A proof-of-concept (PoC) code demonstrating a recently disclosed digital signature bypass vulnerability in Java has been posted on the internet.
CVE-2022-21449 (CVSS score: 7.5) is a high-severity flaw that affects the following versions of Java SE and Oracle GraalVM Enterprise Edition:
* Oracle Java SE: 7u331, 8u321, 11.0.14, 17.0.2, 18
* Oracle GraalVM Enterprise Edition: 20.3.5, 21.3.1, 22.0.0.2
The flaw is in Java’s implementation of the Elliptic Curve Digital Signature Algorithm (ECDSA), which is a cryptographic mechanism for verifying the authenticity and the integrity of the contents.
In brief, the cryptographic flaw – dubbed Psychic Signatures in Java — allows to present a totally blank signature to be presented and yet be valid by the vulnerable implementation.
If the security vulnerability is successfully exploited, an attacker can be able to counterfeit signatures and bypass authentication measures put in place.

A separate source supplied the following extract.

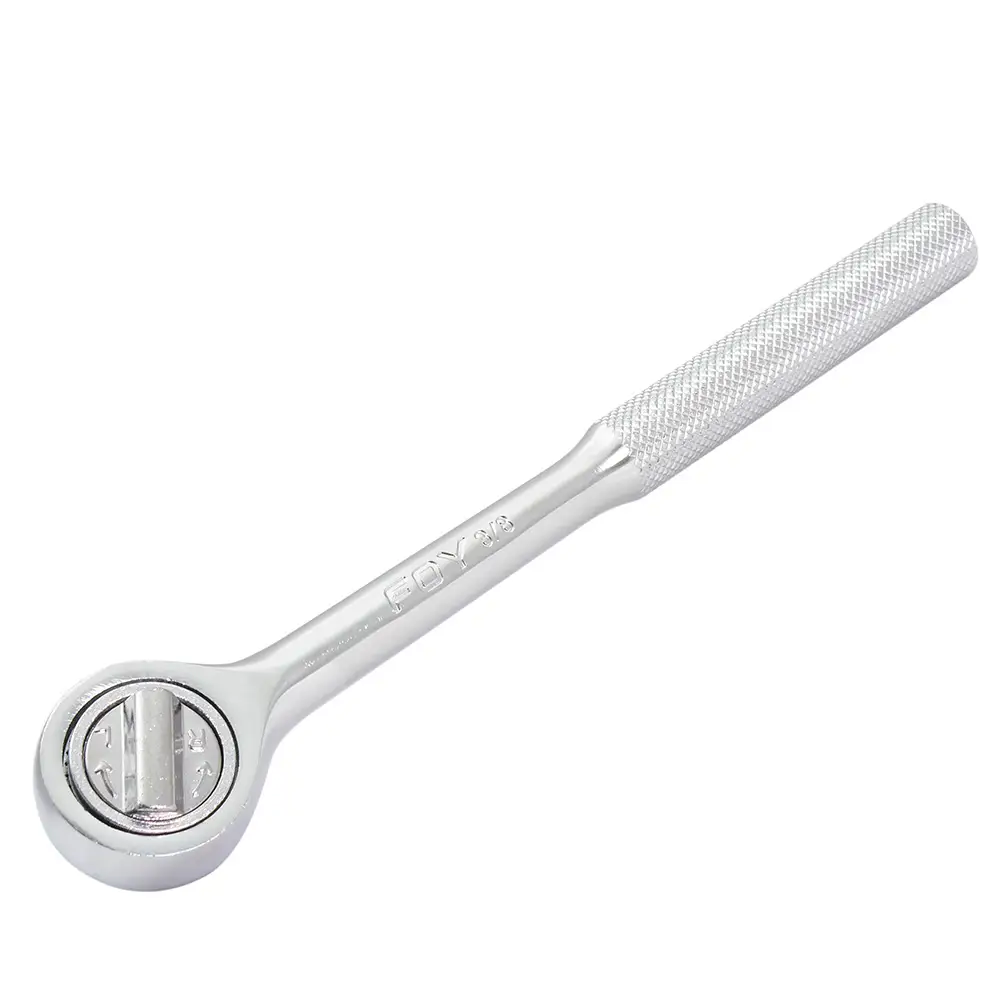140439 Ratchet 3/8" cabeza redonda mango moleteado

The proof-of-concept, published by security researcher Khaled Nassar, includes a vulnerable client and a malicious TLS server, with the former accepting an invalid signature from the server, effectively allowing the TLS handshake to proceed continue unimpeded.
ForgeRock researcher Neil Madden, who discovered and reported the flaw on November 11, 2021, said “It’s hard to overstate the severity of this bug,”
“If you are using ECDSA signatures for any of these security mechanisms, then an attacker can trivially and completely bypass them if your server is running any Java 15, 16, 17, or 18 version.”
Oracle fixed the security flaw in its quarterly April 2022 Critical Patch Update (CPU), which was released on April 19, 2022.
Organizations that use Java 15, Java 16, Java 17, or Java 18 in their environments should prioritize the patches in light of the release of the PoC to mitigate active exploitation attempts.